Looking ahead to the current fiscal year, we expect first half activity levels to be similar to the last half of fiscal year 2009, with some modest improvement in the second half of the year. We are currently projecting that total Team revenues will be between $460 million and $490 million for the year. We are projecting earnings to be between $0.85 and $1.05 per fully diluted share.
Our near-term focus this year is on outstanding execution in every respect. All of our branches are working hard to find and earn every service opportunity available. At the same time, we are fully funding and maintaining all of our current business development initiatives.

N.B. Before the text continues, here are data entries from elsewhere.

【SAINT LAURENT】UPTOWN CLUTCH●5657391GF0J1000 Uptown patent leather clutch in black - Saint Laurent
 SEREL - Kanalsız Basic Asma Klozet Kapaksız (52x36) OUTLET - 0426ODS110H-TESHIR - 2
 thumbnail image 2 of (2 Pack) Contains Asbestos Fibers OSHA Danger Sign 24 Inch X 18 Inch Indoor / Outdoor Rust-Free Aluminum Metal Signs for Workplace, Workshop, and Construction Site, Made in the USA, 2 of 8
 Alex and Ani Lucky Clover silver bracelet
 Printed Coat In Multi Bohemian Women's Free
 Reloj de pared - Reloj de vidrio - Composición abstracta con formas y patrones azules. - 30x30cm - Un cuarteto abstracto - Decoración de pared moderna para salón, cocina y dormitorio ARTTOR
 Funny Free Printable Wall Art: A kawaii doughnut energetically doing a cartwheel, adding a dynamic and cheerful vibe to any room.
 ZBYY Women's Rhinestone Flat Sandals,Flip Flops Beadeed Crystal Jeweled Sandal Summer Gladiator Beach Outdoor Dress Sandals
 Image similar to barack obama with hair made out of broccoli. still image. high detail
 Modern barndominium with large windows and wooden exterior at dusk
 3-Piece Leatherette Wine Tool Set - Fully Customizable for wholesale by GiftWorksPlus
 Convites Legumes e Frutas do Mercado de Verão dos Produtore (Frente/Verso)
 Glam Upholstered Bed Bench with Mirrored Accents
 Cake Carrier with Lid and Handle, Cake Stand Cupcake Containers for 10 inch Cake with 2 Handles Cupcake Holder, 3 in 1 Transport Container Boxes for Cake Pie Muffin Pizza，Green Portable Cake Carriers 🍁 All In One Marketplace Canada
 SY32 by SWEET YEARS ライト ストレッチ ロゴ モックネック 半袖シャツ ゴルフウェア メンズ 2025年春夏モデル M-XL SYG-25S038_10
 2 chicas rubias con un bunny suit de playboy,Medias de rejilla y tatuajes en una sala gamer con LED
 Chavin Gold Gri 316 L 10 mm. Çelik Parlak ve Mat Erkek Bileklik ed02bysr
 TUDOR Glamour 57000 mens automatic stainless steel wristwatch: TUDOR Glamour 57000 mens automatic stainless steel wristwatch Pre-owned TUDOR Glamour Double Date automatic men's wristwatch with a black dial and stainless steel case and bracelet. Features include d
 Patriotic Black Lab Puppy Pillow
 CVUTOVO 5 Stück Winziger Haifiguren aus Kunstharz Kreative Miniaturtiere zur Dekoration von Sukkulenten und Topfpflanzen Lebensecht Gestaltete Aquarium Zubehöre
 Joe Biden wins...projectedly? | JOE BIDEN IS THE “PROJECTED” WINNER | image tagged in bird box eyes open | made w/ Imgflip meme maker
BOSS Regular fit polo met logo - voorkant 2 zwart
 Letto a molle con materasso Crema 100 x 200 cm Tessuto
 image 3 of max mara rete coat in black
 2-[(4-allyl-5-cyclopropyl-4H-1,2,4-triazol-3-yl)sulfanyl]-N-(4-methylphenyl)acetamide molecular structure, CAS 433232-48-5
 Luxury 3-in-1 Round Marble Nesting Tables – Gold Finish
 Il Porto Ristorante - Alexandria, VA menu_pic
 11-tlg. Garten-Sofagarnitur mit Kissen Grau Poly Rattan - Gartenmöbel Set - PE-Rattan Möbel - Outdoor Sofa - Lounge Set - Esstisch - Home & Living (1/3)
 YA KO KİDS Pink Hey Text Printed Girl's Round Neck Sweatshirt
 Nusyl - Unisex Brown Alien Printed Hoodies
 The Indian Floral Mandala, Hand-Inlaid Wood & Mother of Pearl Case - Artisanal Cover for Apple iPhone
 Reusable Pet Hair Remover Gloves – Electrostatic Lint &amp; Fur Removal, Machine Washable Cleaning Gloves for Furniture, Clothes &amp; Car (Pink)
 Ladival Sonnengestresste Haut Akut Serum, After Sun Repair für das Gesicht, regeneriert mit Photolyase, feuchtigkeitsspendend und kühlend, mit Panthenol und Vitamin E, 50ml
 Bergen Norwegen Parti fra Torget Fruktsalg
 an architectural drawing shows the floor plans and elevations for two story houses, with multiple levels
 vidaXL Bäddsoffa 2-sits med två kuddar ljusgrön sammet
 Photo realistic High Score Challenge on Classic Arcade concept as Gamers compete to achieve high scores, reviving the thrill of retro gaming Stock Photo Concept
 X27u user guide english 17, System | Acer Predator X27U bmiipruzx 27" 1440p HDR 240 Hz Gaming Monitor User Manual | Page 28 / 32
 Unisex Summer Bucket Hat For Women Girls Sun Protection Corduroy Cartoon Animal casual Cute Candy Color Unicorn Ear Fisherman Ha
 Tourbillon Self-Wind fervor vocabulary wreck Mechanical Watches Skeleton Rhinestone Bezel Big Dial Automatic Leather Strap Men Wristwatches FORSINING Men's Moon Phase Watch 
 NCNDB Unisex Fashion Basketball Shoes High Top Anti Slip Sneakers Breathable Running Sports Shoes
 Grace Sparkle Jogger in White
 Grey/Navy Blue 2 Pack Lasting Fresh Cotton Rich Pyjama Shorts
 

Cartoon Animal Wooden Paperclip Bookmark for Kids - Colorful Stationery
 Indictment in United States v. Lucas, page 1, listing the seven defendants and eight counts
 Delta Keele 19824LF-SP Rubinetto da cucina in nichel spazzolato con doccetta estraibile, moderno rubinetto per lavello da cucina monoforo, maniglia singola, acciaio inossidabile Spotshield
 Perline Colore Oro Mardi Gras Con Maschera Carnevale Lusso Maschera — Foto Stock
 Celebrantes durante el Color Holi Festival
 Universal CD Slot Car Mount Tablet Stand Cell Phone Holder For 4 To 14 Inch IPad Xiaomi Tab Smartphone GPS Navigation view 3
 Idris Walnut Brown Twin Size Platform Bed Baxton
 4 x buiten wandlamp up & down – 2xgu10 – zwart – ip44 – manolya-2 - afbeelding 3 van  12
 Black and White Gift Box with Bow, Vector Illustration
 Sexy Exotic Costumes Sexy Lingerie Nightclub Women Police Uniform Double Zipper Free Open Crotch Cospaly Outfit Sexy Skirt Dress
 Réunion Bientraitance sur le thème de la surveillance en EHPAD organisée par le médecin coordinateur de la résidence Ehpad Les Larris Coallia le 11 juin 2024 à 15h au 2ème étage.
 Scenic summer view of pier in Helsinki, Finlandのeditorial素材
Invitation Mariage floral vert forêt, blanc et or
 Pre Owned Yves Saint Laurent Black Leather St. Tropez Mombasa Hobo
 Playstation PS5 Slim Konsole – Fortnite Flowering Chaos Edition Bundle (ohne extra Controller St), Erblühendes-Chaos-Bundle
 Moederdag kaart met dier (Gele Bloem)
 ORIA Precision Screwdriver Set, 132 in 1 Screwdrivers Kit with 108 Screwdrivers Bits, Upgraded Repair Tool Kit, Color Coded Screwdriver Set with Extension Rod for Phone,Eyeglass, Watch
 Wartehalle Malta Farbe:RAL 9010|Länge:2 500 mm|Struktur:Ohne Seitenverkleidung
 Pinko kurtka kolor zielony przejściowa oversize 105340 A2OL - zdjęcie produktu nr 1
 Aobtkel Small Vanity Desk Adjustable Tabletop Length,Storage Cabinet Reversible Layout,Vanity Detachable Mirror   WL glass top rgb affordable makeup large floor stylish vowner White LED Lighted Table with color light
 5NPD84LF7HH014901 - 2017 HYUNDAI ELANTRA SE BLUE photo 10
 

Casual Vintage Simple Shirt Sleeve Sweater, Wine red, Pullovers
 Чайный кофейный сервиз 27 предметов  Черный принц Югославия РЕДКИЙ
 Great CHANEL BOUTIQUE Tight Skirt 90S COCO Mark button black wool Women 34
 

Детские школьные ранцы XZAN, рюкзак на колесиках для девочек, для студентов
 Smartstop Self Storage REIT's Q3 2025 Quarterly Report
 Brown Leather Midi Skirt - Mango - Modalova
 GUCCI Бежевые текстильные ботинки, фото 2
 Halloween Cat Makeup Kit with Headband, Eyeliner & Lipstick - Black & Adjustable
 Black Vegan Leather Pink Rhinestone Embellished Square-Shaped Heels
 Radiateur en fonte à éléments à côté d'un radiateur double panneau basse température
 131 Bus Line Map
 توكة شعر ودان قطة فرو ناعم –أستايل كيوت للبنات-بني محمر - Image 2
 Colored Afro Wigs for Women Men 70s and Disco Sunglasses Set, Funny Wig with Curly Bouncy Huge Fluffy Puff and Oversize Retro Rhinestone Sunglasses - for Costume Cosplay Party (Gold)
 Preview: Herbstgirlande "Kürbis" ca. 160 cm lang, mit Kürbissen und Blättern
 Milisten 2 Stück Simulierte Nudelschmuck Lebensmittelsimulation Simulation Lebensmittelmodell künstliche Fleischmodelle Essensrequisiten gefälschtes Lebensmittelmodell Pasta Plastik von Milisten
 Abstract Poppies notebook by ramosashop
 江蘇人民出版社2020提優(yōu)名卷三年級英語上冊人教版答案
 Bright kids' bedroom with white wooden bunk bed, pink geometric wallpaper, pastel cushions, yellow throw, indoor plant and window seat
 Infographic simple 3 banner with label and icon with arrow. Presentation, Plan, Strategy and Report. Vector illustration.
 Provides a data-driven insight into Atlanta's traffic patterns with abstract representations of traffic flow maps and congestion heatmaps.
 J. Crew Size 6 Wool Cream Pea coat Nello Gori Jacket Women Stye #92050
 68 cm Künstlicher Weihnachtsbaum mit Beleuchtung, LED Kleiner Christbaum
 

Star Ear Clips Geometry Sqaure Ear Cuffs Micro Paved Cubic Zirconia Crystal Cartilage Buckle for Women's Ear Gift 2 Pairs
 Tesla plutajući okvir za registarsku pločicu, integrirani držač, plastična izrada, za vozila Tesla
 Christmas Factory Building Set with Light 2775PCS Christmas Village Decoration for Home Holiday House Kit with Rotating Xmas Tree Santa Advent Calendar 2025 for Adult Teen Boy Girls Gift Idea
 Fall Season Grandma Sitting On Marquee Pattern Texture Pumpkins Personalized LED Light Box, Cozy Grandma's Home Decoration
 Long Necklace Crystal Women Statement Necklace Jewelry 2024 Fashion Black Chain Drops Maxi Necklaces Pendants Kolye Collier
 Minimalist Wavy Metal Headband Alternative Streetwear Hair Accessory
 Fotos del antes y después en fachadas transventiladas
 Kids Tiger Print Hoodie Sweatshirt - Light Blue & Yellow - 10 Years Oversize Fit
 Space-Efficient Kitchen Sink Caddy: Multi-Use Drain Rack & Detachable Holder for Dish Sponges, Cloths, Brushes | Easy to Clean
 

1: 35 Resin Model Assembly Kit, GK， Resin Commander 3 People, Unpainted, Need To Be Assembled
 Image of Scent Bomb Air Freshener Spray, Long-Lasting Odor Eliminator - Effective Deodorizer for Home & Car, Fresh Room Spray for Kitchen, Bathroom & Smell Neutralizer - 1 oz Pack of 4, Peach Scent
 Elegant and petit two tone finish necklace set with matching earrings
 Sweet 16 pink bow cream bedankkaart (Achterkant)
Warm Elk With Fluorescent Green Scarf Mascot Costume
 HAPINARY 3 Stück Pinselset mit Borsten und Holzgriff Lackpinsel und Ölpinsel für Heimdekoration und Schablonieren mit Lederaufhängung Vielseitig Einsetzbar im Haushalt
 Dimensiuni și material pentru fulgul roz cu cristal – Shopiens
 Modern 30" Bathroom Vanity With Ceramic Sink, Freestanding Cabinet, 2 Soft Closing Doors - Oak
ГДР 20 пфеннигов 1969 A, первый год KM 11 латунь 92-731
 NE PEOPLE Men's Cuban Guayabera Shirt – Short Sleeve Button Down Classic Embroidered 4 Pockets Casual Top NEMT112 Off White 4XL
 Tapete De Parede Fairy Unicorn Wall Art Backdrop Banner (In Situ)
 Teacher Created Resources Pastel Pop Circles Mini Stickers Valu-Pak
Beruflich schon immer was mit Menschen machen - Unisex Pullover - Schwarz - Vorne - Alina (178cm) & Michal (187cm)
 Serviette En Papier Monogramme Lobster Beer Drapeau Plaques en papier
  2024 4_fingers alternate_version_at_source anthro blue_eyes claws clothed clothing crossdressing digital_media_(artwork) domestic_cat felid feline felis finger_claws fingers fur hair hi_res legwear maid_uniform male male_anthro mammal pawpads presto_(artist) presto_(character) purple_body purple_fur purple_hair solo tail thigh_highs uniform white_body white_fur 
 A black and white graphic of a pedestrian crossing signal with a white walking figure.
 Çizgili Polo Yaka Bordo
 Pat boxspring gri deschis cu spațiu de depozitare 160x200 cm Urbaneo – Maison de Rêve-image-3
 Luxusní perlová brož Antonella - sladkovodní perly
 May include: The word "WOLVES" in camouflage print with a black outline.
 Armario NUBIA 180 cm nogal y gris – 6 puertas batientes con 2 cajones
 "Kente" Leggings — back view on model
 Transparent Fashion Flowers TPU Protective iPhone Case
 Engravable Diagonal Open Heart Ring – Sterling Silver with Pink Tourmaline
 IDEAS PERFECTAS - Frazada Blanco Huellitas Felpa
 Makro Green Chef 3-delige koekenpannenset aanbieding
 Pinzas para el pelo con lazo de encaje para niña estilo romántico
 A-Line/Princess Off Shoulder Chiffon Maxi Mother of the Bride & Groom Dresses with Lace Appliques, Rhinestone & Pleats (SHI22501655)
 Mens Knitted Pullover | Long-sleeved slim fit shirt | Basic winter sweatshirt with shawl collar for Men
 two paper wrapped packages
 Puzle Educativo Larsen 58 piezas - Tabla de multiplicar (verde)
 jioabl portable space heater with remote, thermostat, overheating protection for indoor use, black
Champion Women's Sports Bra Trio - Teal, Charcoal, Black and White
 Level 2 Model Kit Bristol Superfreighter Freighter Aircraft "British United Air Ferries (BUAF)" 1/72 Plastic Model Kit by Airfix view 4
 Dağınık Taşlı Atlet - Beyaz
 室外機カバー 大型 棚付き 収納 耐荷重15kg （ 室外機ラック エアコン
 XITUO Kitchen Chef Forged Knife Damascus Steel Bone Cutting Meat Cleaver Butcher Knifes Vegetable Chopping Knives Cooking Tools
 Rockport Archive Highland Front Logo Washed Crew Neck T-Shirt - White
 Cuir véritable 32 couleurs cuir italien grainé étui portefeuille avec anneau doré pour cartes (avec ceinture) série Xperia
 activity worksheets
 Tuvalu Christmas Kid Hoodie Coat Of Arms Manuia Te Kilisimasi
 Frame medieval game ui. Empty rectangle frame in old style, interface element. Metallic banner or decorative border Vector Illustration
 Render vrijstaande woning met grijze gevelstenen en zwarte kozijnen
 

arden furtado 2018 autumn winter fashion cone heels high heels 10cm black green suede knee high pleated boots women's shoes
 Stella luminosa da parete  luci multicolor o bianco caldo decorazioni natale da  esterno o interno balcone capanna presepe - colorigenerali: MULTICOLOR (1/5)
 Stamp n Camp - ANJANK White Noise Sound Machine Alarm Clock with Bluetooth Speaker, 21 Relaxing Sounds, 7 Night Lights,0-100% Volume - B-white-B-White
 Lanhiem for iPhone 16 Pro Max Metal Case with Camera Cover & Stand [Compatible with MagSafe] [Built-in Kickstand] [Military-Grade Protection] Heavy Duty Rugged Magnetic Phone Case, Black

On the cost side of the equation, we are closely managing our business branch by branch, focusing on the key fundamentals of job profit margin and labor utilization.
We see no reason why we cannot have attractive earnings and earnings margins at the projected volume levels, and we expect to do just that. We are committed to staying strong financially, operationally and strategically, regardless of our market environment.
Let me wrap up with a few final comments before we open it up for questions. The severe recession is likely to continue affecting our business and opportunities for a while longer, but it is not changing the basic fundamentals of our markets and Team's competitive position. We expect to stay strong financially and maintain attractive profitability while we work through these difficult market conditions. As our markets move back toward more normal conditions, we look forward to restoring our growth, orientation and momentum.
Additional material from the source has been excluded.